Predicting higher-risk growth patterns in invasive lung adenocarcinoma with multiphase multidetector computed tomography and 18F-fluorodeoxyglucose PET radiomics

Abstract

Purpose: To develop a predictive model for identifying the higher-risk growth pattern of invasive lung adenocarcinoma using multiphase multidetector computed tomography (MDCT) and 18F-fluorodeoxyglucose (FDG) PET radiomics.

Methods: A total of 203 patients with confirmed invasive lung adenocarcinoma between January 2018 and December 2021 were enrolled and randomly divided into training (n = 143) and testing sets (n = 60). Patients were classified into two groups according to the predominant growth pattern (lower-risk group: lepidic/acinar; higher-risk group: papillary/solid/micropapillary). Preoperative multiphase MDCT and 18F-FDG PET images were evaluated. The Artificial Intelligence Kit software was used to extract radiomic features. Five predictive models [arterial phase, venous phase, and plain scan (AVP), PET, AVP-PET, clinical, and radiomic-clinical (Rad-Clin) combined model] were developed. The models' performance was assessed using receiver-operating characteristic (ROC) curves and compared using the DeLong test.

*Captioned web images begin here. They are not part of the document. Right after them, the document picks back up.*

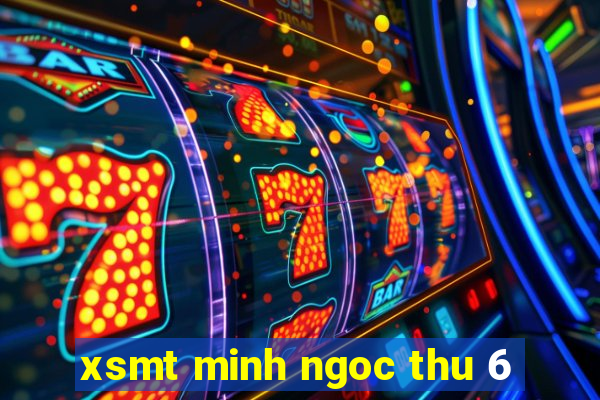 xsmt minh ngoc thu 6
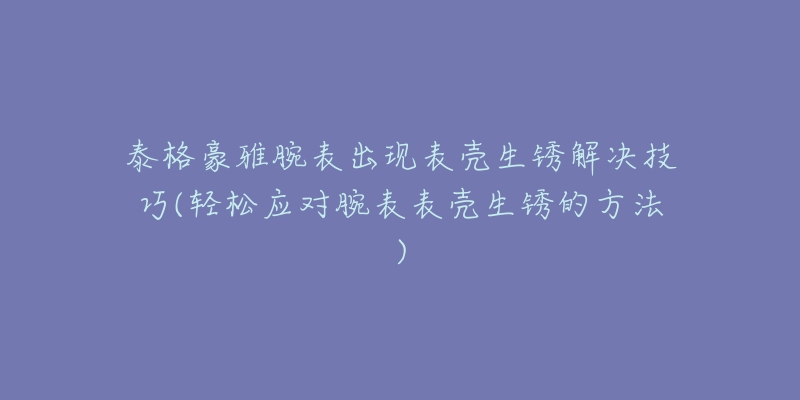 泰格豪雅腕表出现表壳生锈解决技巧(轻松应对腕表表壳生锈的方法)-名表号 泰格豪雅腕表出现表壳生锈解决技巧(轻松应对腕表表壳生锈的方法)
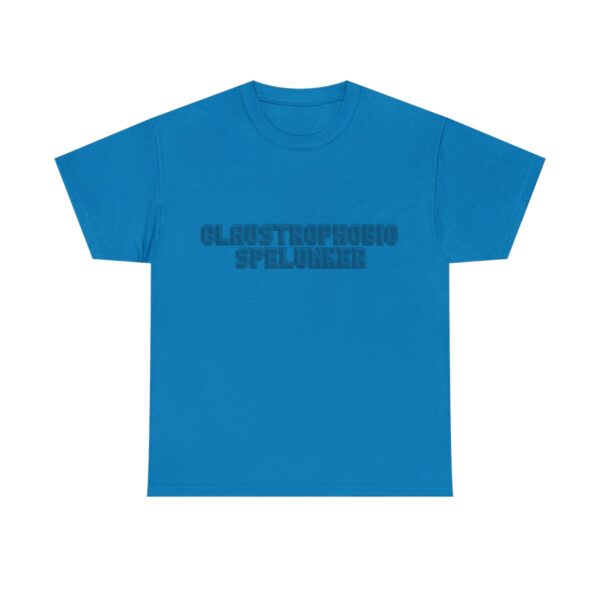 Brat Life "Claustrophobic Spelunker" Unisex Heavy Cotton Tee - Image 133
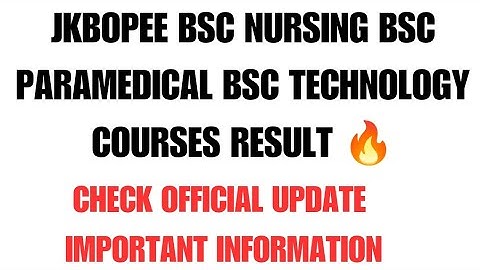 JKBOPEE BSC NURSING RESULT 🔥 || CHECK OFFICIAL UPDATE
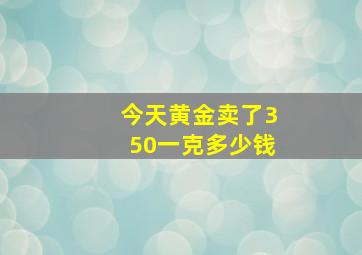 今天黄金卖了350一克多少钱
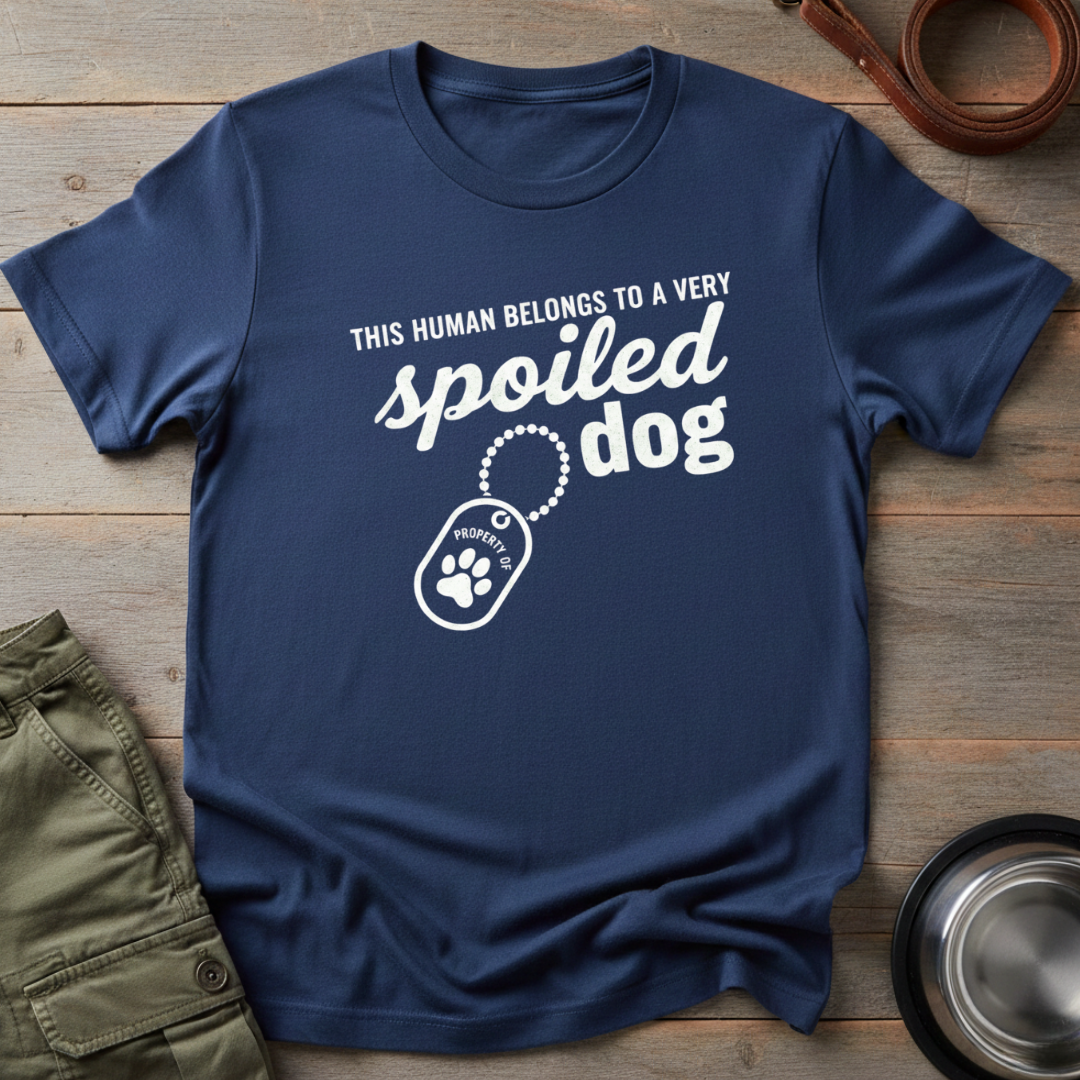 Spoiled Dog Human Tee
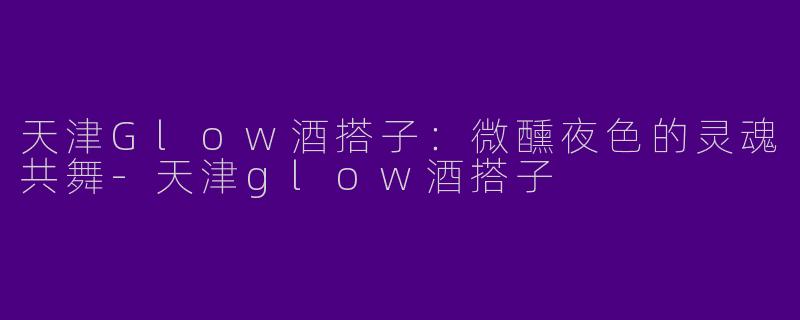 天津Glow酒搭子：微醺夜色的灵魂共舞
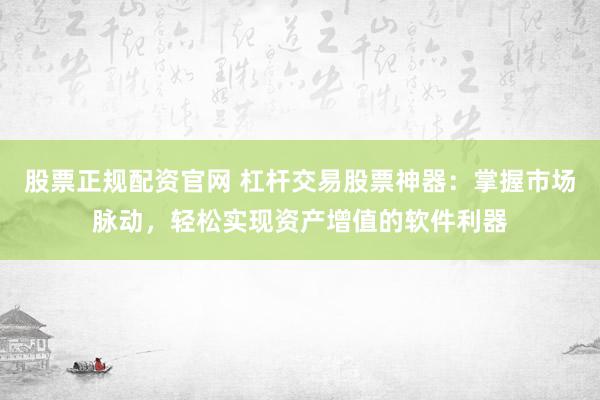 股票正规配资官网 杠杆交易股票神器：掌握市场脉动，轻松实现资产增值的软件利器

Results: Among the radiomics models (AVP, PET, and AVP-PET), the AVP-PET model [area under ROC curve (AUC) = 0.888] outperformed the PET model (AUC = 0.814; P = 0.015) in predicting the higher-risk growth patterns. The combined Rad-Clin model (AUC = 0.923), which integrates AVP-PET radiomics and five independent clinical predictors (gender, spiculation, long-axis diameter, maximum standardized uptake value, and average standardized uptake value), exhibited superior performance in predicting the higher-risk growth pattern compared with radiomic models (P = 0.043, vs. AVP-PET; P = 0.016, vs. AVP; P = 0.002, vs. PET) or the clinical model alone (constructing based on five clinical predictors; AUC = 0.793; P < 0.001).

Conclusion: The combined Rad-Clin model can predict the higher-risk growth patterns of invasive adenocarcinoma (IAC). This approach could help determine individual therapeutic strategies for IAC patients by distinguishing predominant growth patterns with high risk.